Gerechtshof Arnhem-Leeuwarden

Datum uitspraak
23 juli 2024
Publicatiedatum
23 juli 2024
Zaaknummer
200.337.609
Instantie
Gerechtshof Arnhem-Leeuwarden
Type
Uitspraak
Rechtsgebied
Civiel recht
Procedures
  • Verwijzing na Hoge Raad
Vindplaatsen
  • Rechtspraak.nl
AI samenvatting door LexboostAutomatisch gegenereerd

Geschil tussen broers over eigendom van landbouwmachines en rechtsverwerking

In deze zaak gaat het om een geschil tussen twee broers, [appellant] en [geïntimeerde], over de eigendom van landbouwmachines.
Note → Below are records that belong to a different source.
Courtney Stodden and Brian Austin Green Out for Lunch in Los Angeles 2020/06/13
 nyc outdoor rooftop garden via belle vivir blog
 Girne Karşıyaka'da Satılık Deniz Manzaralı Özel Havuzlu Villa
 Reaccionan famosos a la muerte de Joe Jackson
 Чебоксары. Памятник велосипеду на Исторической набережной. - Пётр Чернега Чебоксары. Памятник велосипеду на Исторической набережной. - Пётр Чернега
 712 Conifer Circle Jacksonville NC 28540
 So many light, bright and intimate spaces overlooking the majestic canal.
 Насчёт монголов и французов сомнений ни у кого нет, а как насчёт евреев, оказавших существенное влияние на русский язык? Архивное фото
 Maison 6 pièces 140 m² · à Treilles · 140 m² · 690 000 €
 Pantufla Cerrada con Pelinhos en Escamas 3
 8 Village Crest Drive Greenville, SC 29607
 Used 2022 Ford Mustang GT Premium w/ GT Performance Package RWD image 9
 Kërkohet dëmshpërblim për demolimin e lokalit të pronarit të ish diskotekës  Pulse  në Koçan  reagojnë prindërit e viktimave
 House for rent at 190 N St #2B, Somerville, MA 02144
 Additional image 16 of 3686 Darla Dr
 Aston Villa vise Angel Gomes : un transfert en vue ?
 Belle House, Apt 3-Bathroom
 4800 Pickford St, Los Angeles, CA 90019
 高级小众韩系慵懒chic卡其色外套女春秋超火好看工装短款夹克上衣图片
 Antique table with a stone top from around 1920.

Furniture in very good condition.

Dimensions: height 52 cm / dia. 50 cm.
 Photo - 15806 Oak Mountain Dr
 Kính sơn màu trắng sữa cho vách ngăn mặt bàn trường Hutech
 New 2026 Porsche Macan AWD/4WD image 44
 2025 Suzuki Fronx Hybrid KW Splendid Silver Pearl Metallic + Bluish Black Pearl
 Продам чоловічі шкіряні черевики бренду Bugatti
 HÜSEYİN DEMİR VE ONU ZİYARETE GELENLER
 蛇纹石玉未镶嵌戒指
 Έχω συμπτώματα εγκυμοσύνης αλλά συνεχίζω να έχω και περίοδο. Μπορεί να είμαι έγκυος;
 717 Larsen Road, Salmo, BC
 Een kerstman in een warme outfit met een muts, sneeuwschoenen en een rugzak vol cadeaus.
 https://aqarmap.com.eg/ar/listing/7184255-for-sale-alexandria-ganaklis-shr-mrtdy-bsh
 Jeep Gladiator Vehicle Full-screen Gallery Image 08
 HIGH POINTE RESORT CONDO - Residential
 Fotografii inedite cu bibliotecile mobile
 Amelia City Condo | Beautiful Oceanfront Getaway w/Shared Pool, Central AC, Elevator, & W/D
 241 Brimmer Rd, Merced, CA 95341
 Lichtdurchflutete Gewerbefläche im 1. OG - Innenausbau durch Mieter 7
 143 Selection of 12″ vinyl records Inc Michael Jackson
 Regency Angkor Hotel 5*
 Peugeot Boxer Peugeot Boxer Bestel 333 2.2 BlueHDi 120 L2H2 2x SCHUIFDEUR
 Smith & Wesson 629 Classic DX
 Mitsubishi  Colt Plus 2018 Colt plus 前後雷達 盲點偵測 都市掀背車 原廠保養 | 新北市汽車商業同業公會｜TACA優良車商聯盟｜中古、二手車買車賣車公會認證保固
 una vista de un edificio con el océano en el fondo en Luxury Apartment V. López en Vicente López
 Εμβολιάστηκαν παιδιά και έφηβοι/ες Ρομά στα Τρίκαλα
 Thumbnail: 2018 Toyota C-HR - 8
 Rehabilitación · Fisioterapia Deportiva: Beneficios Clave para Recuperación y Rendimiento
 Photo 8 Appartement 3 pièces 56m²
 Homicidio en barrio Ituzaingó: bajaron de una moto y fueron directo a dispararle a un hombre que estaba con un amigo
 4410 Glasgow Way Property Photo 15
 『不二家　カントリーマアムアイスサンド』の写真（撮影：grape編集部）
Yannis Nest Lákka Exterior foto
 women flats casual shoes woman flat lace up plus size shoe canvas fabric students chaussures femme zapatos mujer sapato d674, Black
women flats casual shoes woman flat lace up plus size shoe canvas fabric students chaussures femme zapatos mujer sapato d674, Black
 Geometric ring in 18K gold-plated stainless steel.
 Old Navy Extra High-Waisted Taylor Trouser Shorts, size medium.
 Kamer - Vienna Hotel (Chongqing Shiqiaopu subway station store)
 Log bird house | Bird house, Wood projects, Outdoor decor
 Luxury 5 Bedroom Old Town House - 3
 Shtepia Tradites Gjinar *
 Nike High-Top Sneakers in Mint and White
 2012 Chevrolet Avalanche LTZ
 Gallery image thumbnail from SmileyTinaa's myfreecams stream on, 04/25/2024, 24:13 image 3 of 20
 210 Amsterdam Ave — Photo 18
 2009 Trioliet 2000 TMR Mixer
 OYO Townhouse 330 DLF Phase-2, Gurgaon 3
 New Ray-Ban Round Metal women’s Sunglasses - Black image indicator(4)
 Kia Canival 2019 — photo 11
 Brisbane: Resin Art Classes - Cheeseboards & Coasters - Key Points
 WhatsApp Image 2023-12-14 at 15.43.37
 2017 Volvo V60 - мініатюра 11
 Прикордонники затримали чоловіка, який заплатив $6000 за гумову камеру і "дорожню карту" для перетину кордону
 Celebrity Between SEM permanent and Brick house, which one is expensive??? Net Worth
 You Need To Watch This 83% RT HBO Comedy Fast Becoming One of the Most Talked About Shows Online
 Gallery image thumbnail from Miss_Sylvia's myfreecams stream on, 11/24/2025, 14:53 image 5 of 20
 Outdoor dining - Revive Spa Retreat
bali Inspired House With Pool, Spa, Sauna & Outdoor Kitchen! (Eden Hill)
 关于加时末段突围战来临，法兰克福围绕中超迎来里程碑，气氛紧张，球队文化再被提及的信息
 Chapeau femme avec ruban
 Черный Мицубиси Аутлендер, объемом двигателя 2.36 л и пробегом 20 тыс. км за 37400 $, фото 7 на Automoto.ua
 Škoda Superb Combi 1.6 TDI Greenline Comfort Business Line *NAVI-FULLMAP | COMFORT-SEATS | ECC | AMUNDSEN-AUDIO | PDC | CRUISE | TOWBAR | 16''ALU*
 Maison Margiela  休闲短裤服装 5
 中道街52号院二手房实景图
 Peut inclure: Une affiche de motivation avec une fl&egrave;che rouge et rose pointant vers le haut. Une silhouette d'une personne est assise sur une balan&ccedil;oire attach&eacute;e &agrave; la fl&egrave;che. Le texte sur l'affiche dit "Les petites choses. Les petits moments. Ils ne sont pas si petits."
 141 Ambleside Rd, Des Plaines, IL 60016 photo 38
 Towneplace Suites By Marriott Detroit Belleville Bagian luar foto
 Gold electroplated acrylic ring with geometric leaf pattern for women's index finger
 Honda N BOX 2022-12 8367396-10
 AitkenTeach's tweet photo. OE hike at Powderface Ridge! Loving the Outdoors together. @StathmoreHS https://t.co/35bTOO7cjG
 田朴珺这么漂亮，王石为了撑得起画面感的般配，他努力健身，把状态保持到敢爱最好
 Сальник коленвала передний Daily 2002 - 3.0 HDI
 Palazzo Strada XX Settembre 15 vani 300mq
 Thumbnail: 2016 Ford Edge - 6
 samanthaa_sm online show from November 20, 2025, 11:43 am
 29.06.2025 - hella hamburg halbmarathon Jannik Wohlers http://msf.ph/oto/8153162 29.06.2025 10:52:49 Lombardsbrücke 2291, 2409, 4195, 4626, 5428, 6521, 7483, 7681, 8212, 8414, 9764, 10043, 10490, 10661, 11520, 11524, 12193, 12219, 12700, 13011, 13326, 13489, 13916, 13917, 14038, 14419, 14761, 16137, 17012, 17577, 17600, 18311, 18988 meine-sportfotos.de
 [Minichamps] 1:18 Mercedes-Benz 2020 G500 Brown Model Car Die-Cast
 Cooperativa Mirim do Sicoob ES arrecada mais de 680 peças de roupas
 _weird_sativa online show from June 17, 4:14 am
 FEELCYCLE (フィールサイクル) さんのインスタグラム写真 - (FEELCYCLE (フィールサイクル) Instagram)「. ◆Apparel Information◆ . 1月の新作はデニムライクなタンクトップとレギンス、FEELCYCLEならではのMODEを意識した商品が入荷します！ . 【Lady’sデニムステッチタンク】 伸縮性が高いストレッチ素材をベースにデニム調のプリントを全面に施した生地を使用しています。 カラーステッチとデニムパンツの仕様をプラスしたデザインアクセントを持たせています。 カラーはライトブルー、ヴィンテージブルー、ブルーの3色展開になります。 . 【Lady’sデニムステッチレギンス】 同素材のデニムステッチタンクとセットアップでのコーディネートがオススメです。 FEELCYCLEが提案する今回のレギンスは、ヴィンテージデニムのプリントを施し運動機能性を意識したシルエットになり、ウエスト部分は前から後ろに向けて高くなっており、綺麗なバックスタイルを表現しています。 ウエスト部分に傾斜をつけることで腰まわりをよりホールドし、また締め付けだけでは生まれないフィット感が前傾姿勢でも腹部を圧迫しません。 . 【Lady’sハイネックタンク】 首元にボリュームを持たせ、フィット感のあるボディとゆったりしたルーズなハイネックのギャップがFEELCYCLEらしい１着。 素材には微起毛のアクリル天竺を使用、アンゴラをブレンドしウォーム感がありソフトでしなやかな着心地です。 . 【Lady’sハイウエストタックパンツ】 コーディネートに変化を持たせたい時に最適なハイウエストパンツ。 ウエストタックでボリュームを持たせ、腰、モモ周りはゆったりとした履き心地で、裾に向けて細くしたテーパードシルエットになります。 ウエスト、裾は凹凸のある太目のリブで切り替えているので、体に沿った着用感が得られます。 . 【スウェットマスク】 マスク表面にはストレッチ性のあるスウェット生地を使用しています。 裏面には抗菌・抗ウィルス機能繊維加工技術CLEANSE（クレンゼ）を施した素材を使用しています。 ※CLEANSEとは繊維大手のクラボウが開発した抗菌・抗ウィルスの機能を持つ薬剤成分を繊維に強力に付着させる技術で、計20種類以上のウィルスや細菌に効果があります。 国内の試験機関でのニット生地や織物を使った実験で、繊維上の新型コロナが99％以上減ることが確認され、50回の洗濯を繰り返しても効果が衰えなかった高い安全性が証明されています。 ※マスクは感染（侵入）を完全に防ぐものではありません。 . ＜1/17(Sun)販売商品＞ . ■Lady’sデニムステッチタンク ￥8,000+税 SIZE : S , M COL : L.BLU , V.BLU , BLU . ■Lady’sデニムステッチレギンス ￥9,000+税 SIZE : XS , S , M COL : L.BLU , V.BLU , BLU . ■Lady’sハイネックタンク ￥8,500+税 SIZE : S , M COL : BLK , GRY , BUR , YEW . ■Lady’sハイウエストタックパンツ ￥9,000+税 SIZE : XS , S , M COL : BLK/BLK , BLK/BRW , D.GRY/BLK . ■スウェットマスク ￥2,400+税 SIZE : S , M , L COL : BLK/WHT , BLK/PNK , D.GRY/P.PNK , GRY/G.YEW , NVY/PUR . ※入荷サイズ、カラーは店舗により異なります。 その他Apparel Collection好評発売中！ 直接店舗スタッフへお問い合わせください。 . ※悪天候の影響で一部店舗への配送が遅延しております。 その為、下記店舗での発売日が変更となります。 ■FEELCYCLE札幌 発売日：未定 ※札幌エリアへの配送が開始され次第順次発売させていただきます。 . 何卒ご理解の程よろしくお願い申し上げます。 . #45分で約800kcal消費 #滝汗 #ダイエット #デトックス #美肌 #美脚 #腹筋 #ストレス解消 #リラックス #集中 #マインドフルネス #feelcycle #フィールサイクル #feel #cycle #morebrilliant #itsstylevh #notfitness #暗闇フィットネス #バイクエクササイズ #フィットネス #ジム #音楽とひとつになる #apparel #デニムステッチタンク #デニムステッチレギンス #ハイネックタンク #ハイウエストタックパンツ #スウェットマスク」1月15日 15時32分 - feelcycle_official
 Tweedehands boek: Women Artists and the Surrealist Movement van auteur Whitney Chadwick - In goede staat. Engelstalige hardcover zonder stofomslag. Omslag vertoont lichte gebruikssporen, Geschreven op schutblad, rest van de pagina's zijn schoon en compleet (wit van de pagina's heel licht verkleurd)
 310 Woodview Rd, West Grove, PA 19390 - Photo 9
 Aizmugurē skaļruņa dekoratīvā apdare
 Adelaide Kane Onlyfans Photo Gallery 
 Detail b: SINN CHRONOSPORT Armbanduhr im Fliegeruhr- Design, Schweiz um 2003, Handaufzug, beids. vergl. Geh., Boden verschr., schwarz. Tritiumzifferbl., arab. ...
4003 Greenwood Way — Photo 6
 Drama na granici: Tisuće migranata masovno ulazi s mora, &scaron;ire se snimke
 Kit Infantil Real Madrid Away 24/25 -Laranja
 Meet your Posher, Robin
De broers hebben van 1985 tot 2004 gezamenlijk gebruik gemaakt van acht landbouwmachines, waarvan de kosten en het onderhoud werden gedeeld. In 2004 heeft [geïntimeerde] het gebruik van de machines aan [appellant] ontzegd en de sloten vervangen, waarna hij zeven van de acht machines heeft verkocht. [appellant] vordert nu verklaringen voor recht dat er een gemeenschap bestaat en dat [geïntimeerde] zijn aandeel in die gemeenschap heeft verbeurd. De rechtbank heeft de vorderingen afgewezen op basis van rechtsverwerking, wat door het hof Den Bosch is bekrachtigd. De Hoge Raad heeft het arrest van het hof Den Bosch vernietigd en de zaak verwezen naar het Gerechtshof Arnhem-Leeuwarden voor verdere behandeling.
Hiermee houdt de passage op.